*** Data to use ***
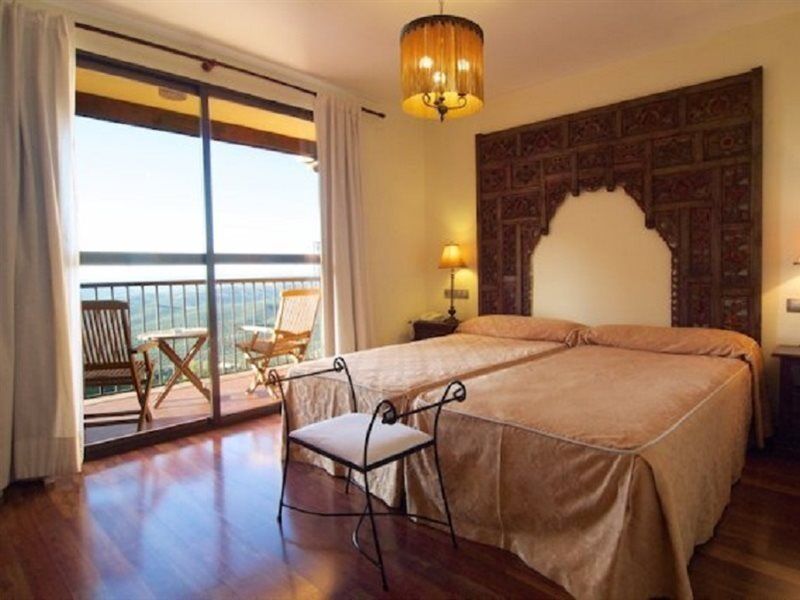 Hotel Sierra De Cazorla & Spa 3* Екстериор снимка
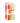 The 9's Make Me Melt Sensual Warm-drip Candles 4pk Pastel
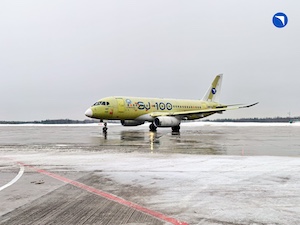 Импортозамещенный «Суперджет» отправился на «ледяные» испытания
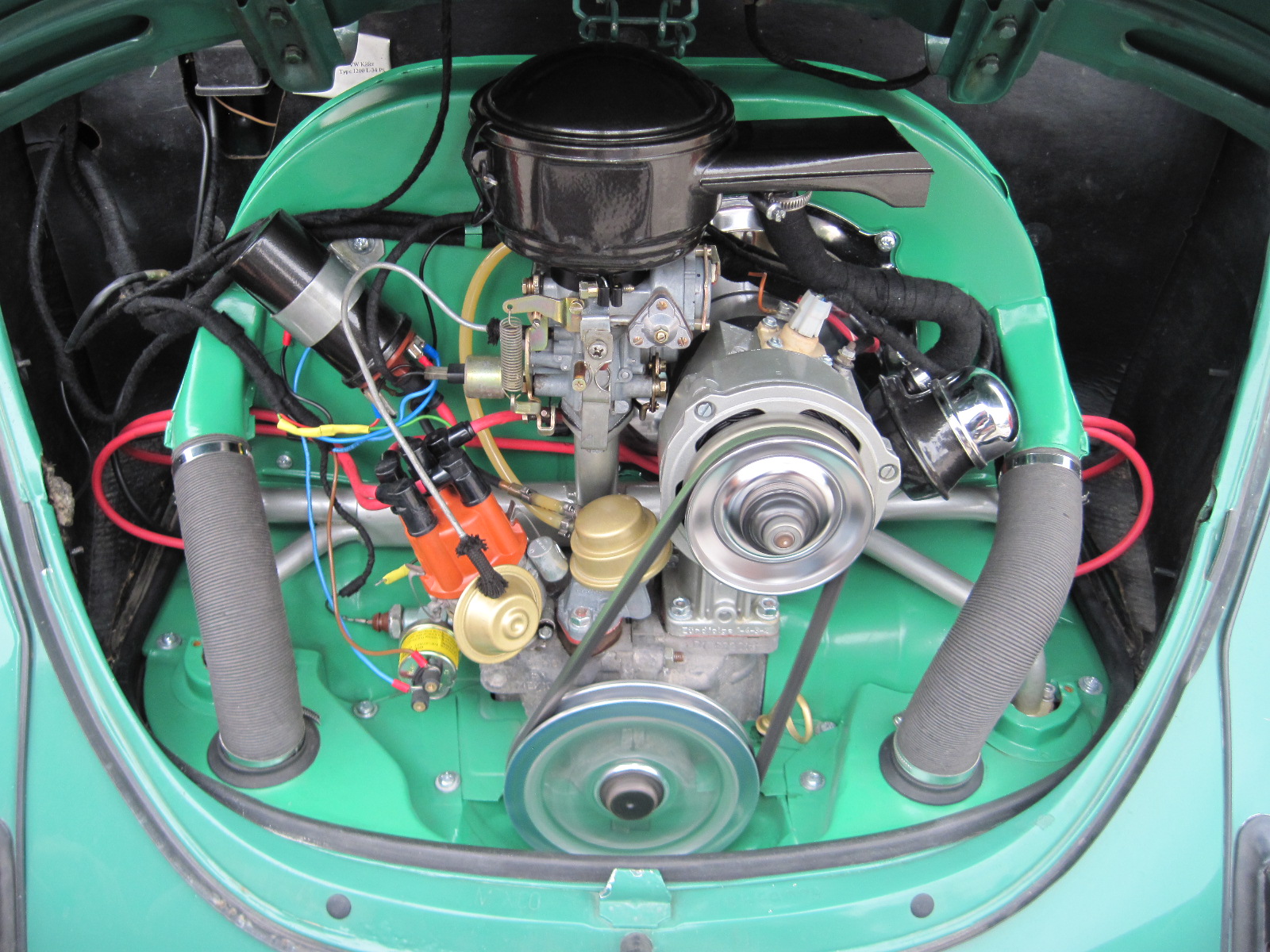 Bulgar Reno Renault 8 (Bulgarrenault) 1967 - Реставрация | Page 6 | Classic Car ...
*** End of Data to use ***
*** Data to use ***
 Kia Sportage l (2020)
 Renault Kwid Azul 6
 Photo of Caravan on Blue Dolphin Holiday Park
*** End of Data to use ***
Only one stretch of the entries above is needed: the lines from the one containing "Hotel Sierra De" through the one containing "Bulgar Reno Renault". Copy it exactly, without the pictures.

Answer box:
 Hotel Sierra De Cazorla & Spa 3* Екстериор снимка
 The 9's Make Me Melt Sensual Warm-drip Candles 4pk Pastel
 Импортозамещенный «Суперджет» отправился на «ледяные» испытания
 Bulgar Reno Renault 8 (Bulgarrenault) 1967 - Реставрация | Page 6 | Classic Car ...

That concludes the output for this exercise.